Prozess Vier Jahre Gefängnis für Entzünden von ehemaligem Lebenspartner

SDA

22.8.2019 - 17:32

Reglos nahm der Angeklagte den Urteilsspruch des Luzerner Kriminalgerichts zur Kenntnis.
Reglos nahm der Angeklagte den Urteilsspruch des Luzerner Kriminalgerichts zur Kenntnis.
Source: Kantonsgericht Luzern

Das Kriminalgericht Luzern hat einen Mann schuldig befunden, 2015 seinen damaligen Lebenspartner mit Leichtbenzin übergossen und angezündet zu haben. Es verurteilte ihn zu einer Freiheitsstrafe von vier Jahren.
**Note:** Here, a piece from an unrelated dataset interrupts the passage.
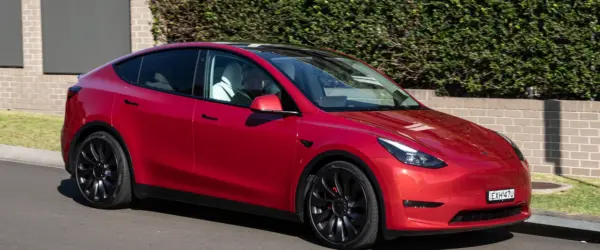 RAV4 Plug-in vs. Tesla Model Y: Comparação Direta entre Híbrido e Elétrico Puro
Der 49-Jährige habe sich der versuchten eventualvorsätzlichen Tötung schuldig gemacht, sagte die Gerichtsvorsitzende am Donnerstag bei der Urteilsverkündigung. Sie sprach von einem besonders qualvollen und schmerzhaften Vorgehen aus Sicht des Opfers, das lebensgefährlich verletzt wurde.
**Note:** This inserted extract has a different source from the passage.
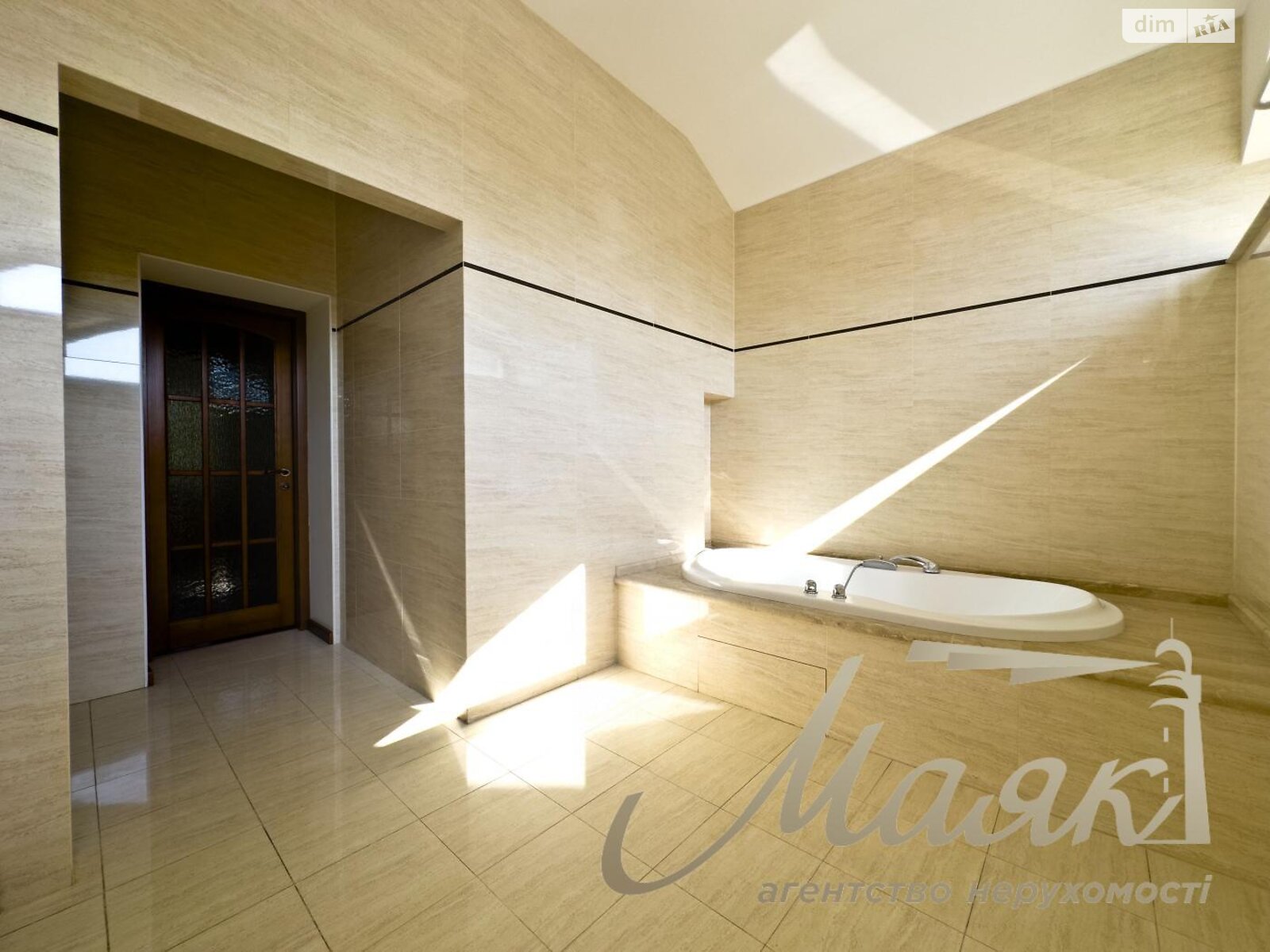 двоповерховий будинок з балконом, 350 кв. м, цегла. Продаж в Запоріжжі, район Дніпровський (Ленінський) фото 1 двоповерховий будинок з балконом, 350 кв. м, цегла. Продаж в Запоріжжі, район Дніпровський (Ленінський) фото 1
Weil der Beschuldigte aber beim Löschen half, habe er massgeblich zur Lebensrettung beigetragen. Das Gericht taxierte dies als tätige Reue, was ihm strafmildernd angerechnet wurde. Aufrichtige Reue und Einsicht habe er dagegen nicht gezeigt. Allerdings führte auch die lange Verfahrensdauer zu einer Strafreduktion um sechs Monate.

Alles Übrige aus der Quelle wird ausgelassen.